Content starts

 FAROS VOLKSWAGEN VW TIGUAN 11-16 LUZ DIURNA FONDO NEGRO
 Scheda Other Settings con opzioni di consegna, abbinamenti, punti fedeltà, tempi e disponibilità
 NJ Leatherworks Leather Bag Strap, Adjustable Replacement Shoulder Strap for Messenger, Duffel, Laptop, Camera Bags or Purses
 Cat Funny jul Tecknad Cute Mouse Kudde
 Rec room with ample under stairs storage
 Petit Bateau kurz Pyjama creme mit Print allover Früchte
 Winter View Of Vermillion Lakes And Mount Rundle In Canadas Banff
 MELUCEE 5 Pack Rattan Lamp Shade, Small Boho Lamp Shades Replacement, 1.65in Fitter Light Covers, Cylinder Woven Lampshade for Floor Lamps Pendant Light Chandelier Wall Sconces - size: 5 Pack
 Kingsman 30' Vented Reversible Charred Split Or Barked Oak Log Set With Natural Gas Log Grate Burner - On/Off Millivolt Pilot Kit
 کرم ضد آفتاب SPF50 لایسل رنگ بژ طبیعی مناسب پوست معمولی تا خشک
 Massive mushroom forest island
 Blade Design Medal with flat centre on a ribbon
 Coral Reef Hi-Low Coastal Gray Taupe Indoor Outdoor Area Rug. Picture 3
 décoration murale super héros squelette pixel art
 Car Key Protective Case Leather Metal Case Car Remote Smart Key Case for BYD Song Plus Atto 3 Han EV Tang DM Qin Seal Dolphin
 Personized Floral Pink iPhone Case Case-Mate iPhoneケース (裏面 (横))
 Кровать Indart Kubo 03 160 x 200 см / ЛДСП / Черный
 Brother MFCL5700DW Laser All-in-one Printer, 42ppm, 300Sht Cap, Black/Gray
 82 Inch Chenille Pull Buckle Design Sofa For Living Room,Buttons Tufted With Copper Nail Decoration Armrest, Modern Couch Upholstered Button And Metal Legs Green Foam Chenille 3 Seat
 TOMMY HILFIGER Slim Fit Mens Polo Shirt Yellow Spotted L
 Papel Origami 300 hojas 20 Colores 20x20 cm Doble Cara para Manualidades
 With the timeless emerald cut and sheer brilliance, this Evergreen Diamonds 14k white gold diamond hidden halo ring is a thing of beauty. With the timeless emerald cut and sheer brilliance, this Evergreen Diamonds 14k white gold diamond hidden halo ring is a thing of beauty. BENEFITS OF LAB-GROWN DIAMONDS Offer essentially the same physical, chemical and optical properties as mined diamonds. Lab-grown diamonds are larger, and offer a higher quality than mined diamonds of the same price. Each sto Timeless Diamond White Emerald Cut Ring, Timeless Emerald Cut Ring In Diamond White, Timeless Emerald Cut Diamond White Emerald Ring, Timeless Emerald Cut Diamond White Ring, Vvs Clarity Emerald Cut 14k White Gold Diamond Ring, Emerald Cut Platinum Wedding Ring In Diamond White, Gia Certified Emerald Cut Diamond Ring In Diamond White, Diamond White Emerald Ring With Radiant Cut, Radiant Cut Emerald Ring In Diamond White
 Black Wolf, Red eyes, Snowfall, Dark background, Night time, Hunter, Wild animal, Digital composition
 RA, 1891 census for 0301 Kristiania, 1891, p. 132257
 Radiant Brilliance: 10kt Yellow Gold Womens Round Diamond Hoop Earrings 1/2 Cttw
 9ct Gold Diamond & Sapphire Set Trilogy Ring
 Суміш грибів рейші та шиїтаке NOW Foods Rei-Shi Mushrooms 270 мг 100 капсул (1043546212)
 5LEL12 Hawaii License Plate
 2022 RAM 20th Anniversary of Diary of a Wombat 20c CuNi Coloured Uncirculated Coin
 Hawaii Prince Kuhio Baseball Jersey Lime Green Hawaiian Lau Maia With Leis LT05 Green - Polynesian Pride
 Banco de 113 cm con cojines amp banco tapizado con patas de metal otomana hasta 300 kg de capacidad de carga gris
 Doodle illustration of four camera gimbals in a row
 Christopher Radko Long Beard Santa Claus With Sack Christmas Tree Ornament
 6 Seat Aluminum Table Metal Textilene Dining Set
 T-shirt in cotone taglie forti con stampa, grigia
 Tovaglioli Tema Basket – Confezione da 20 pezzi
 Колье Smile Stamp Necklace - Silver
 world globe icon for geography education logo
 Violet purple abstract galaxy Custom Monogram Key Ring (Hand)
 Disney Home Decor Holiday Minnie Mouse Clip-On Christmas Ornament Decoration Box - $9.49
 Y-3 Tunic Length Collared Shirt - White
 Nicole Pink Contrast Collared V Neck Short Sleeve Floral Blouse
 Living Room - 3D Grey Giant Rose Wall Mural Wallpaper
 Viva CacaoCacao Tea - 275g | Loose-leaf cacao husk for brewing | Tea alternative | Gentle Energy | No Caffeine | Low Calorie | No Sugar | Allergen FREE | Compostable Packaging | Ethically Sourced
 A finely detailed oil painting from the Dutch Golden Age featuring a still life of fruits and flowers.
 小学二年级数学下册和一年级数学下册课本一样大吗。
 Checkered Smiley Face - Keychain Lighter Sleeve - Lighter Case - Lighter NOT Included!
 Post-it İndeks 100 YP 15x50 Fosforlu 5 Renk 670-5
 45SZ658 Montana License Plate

Content ends

Problem statement: Print exactly the lines from the one with "Christopher Radko Long" through the last line of the material, including both, and no others.

Written solution:
 Christopher Radko Long Beard Santa Claus With Sack Christmas Tree Ornament
 6 Seat Aluminum Table Metal Textilene Dining Set
 T-shirt in cotone taglie forti con stampa, grigia
 Tovaglioli Tema Basket – Confezione da 20 pezzi
 Колье Smile Stamp Necklace - Silver
 world globe icon for geography education logo
 Violet purple abstract galaxy Custom Monogram Key Ring (Hand)
 Disney Home Decor Holiday Minnie Mouse Clip-On Christmas Ornament Decoration Box - $9.49
 Y-3 Tunic Length Collared Shirt - White
 Nicole Pink Contrast Collared V Neck Short Sleeve Floral Blouse
 Living Room - 3D Grey Giant Rose Wall Mural Wallpaper
 Viva CacaoCacao Tea - 275g | Loose-leaf cacao husk for brewing | Tea alternative | Gentle Energy | No Caffeine | Low Calorie | No Sugar | Allergen FREE | Compostable Packaging | Ethically Sourced
 A finely detailed oil painting from the Dutch Golden Age featuring a still life of fruits and flowers.
 小学二年级数学下册和一年级数学下册课本一样大吗。
 Checkered Smiley Face - Keychain Lighter Sleeve - Lighter Case - Lighter NOT Included!
 Post-it İndeks 100 YP 15x50 Fosforlu 5 Renk 670-5
 45SZ658 Montana License Plate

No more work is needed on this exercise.